(Beginning of Entries shown)
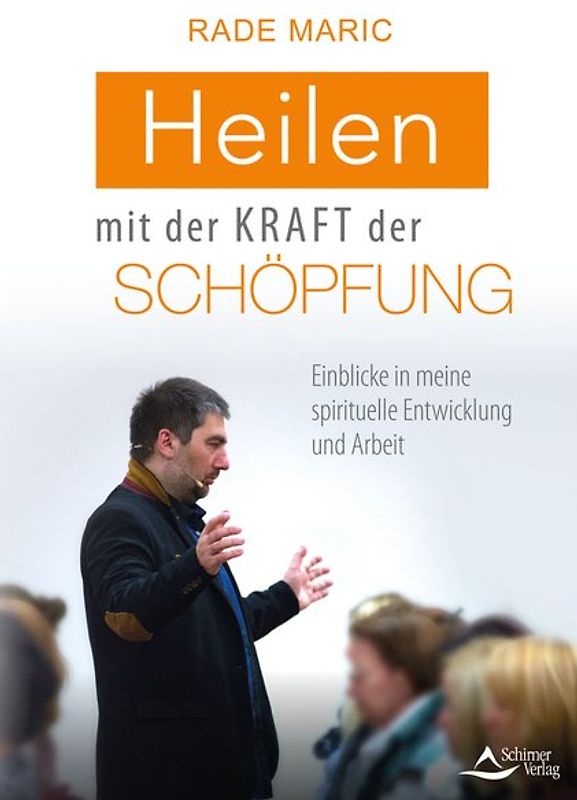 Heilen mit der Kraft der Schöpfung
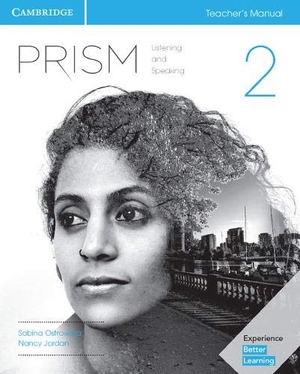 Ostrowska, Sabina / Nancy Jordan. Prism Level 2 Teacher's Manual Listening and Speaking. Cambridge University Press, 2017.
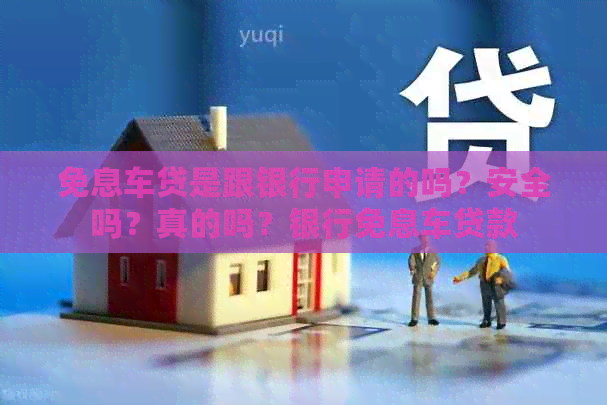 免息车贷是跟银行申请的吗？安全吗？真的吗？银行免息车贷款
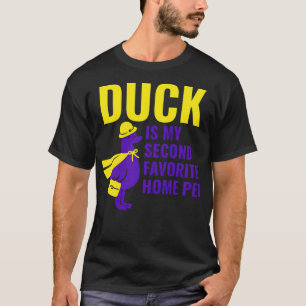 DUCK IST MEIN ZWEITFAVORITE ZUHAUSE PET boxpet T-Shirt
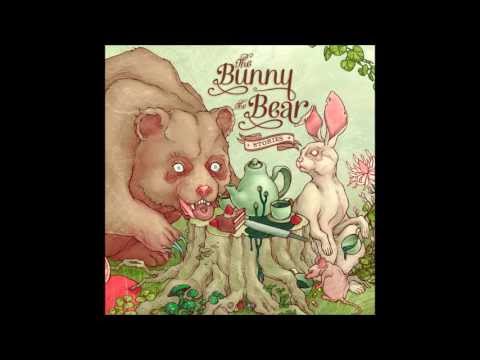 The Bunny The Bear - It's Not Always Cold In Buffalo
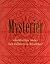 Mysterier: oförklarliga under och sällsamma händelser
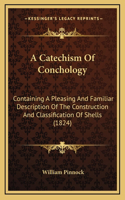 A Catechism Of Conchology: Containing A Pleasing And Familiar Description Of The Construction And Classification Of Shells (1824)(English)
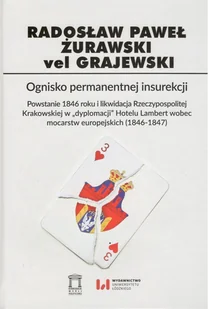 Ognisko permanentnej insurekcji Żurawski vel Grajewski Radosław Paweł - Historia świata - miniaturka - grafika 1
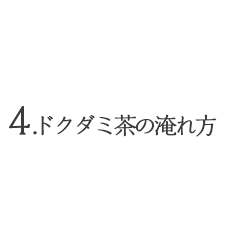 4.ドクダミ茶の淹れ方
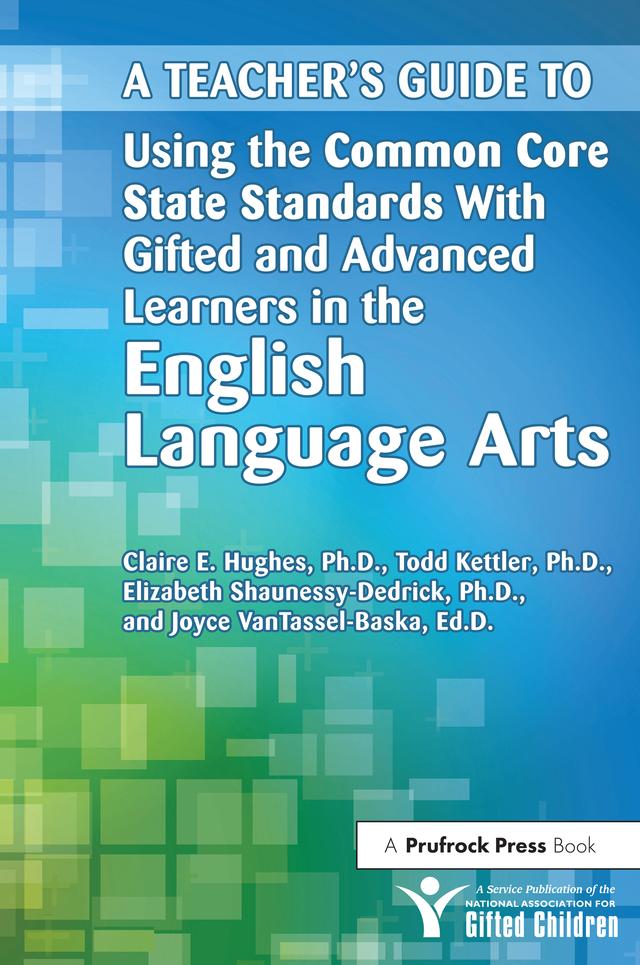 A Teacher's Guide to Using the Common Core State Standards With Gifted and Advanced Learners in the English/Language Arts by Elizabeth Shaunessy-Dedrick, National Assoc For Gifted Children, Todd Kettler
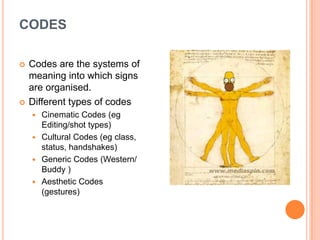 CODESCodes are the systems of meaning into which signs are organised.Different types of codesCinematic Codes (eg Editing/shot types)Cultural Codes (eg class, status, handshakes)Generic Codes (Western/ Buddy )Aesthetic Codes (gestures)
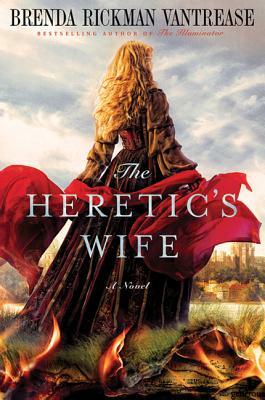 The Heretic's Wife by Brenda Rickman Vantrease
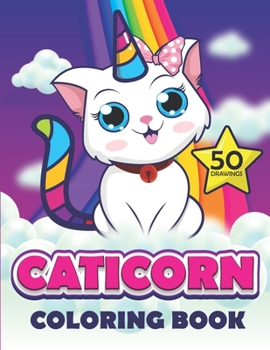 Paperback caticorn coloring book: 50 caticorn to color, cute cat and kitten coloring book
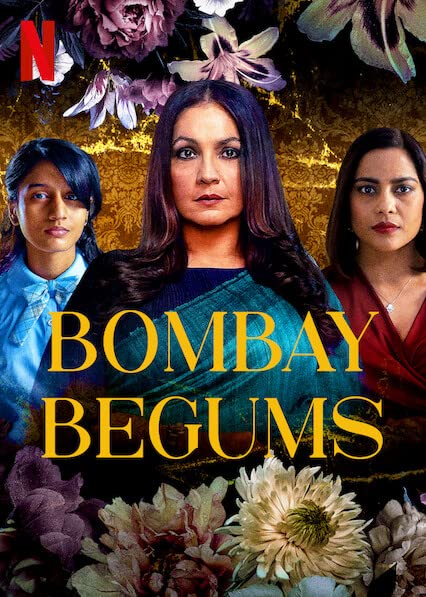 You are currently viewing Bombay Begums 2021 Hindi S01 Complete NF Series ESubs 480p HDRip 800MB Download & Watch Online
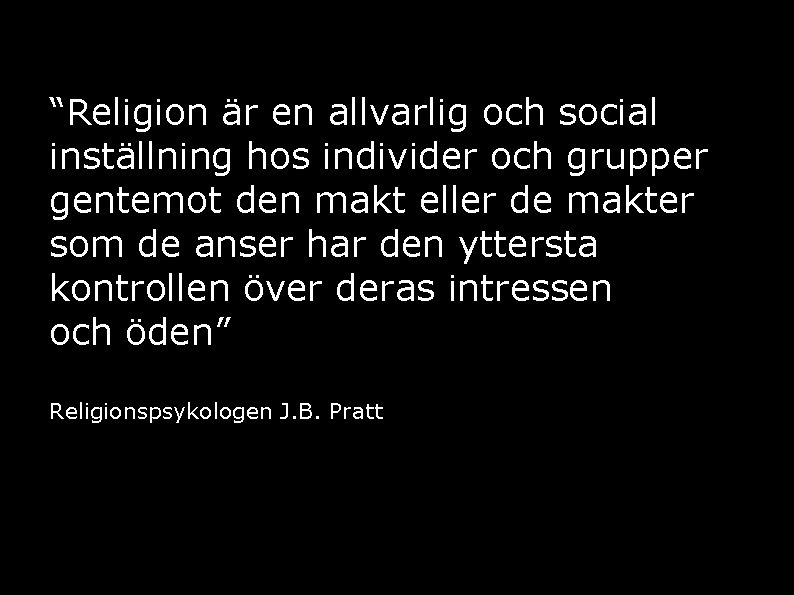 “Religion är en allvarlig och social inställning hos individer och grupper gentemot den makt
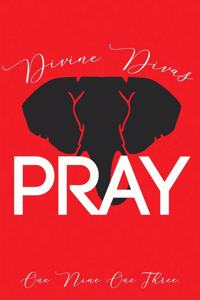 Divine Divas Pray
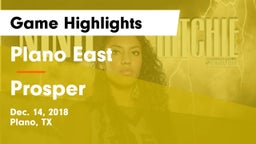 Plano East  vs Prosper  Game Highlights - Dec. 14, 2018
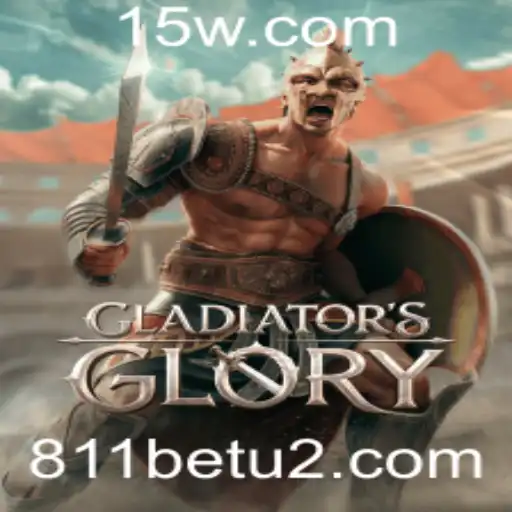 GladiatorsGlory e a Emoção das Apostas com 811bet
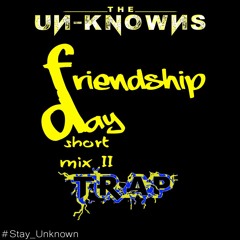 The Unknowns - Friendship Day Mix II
(End of Entries shown)
(Beginning of Entries shown)
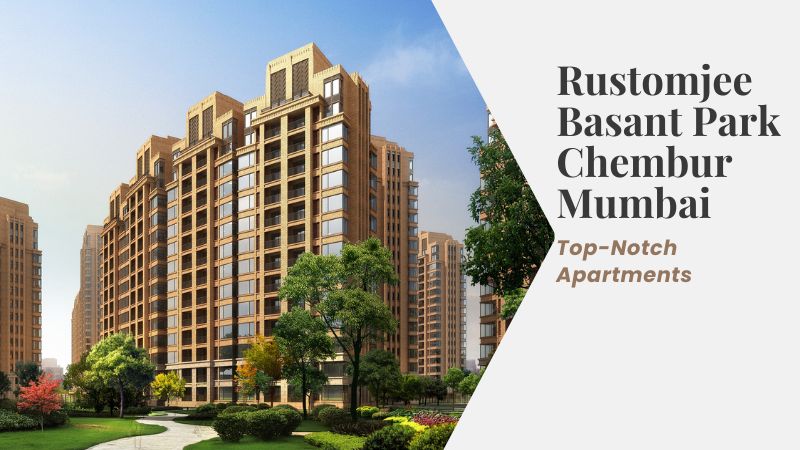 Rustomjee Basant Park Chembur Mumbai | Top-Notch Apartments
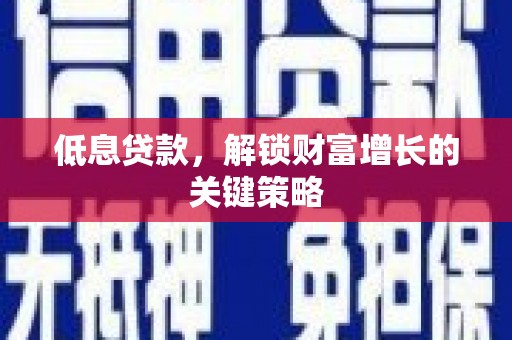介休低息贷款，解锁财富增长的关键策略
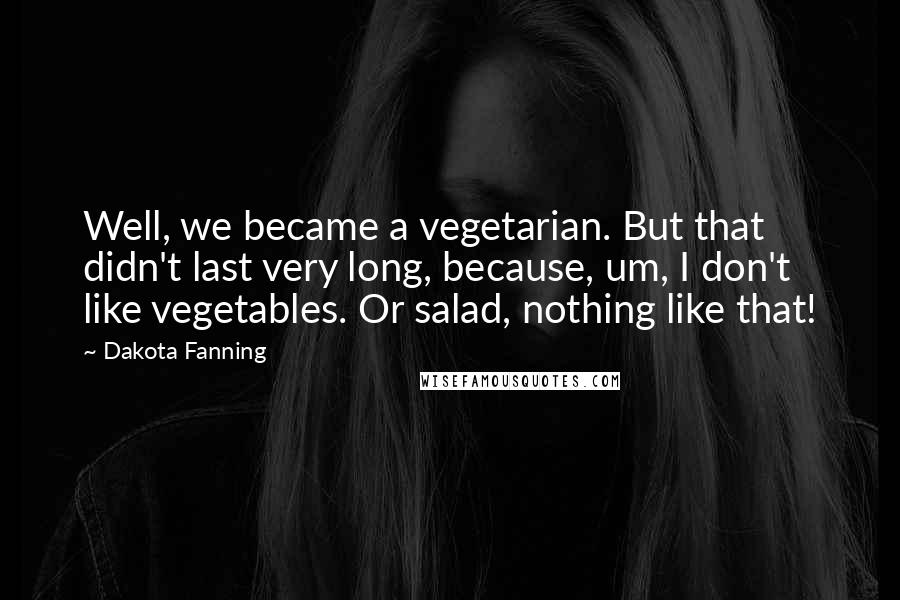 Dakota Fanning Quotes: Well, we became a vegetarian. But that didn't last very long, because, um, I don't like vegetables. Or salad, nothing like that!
(End of Entries shown)
Copy back exactly the lines above from the one containing "Rustomjee Basant Park" through the one containing "Dakota Fanning Quotes: Well, we", and leave every picture behind.

 Rustomjee Basant Park Chembur Mumbai | Top-Notch Apartments
介休低息贷款，解锁财富增长的关键策略
 Dakota Fanning Quotes: Well, we became a vegetarian. But that didn't last very long, because, um, I don't like vegetables. Or salad, nothing like that!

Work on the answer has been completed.